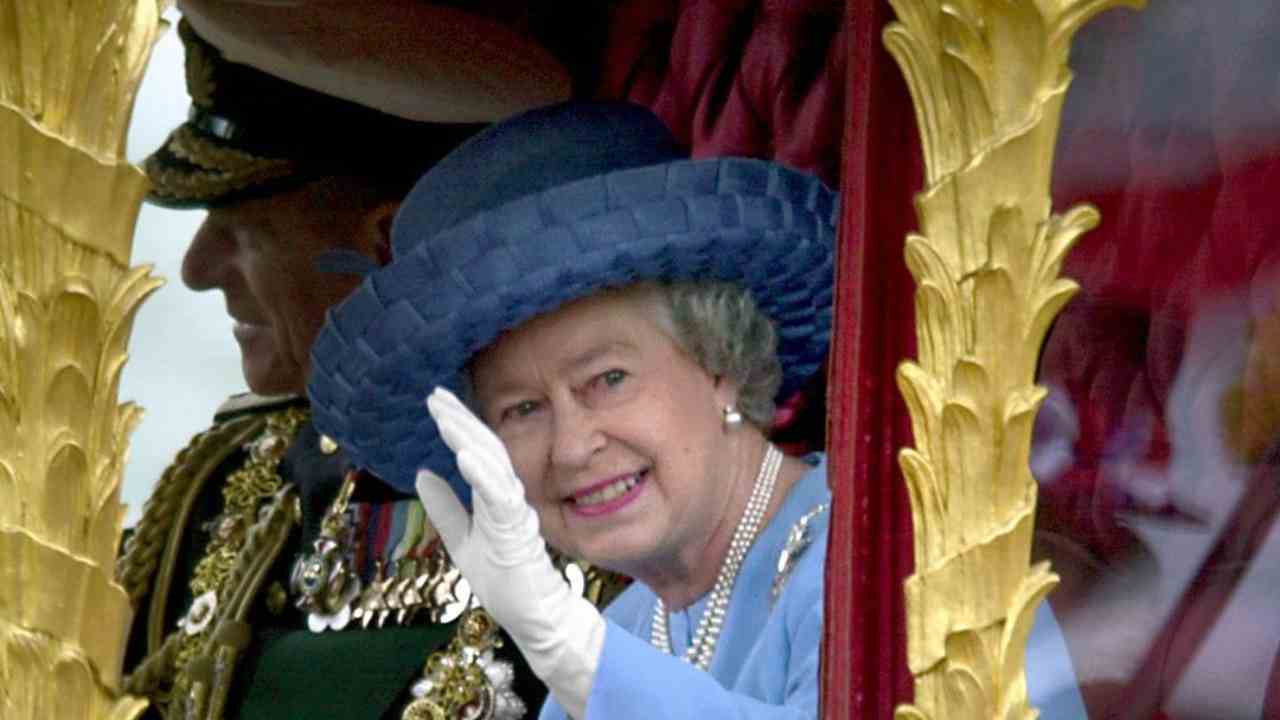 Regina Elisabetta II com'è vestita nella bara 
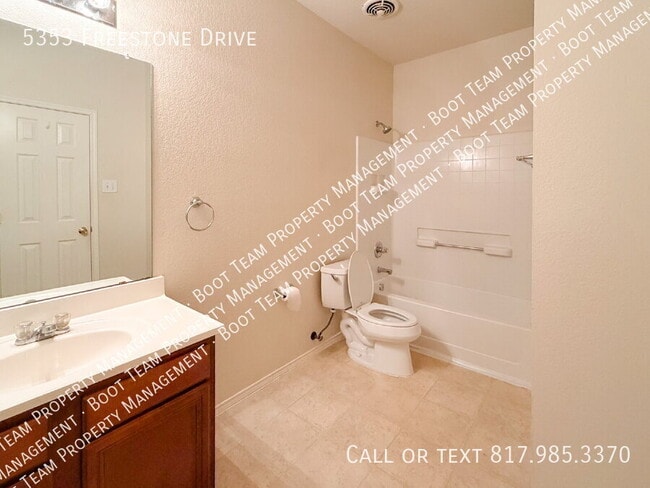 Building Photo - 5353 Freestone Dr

--

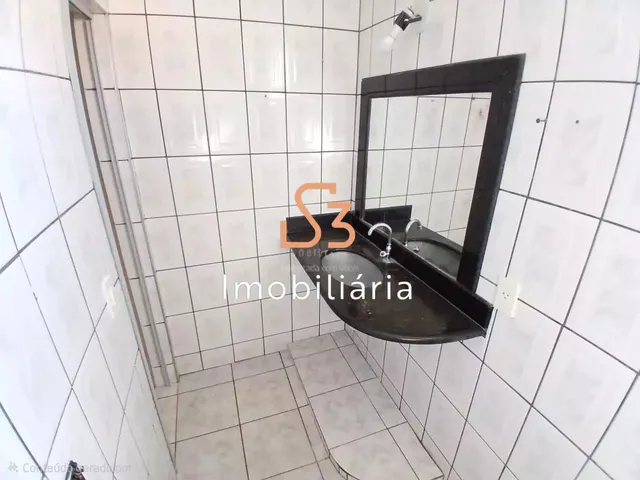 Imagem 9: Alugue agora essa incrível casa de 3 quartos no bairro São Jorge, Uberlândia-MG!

WORK ORDER ::
From the data above, return only the lines starting at the line that holds "Regina Elisabetta II" and ending at the line that holds "Building Photo - 5353 Freestone Dr", word for word and without pictures.

ANSWER FOR THIS EXERCISE ::
 Regina Elisabetta II com'è vestita nella bara 
 Building Photo - 5353 Freestone Dr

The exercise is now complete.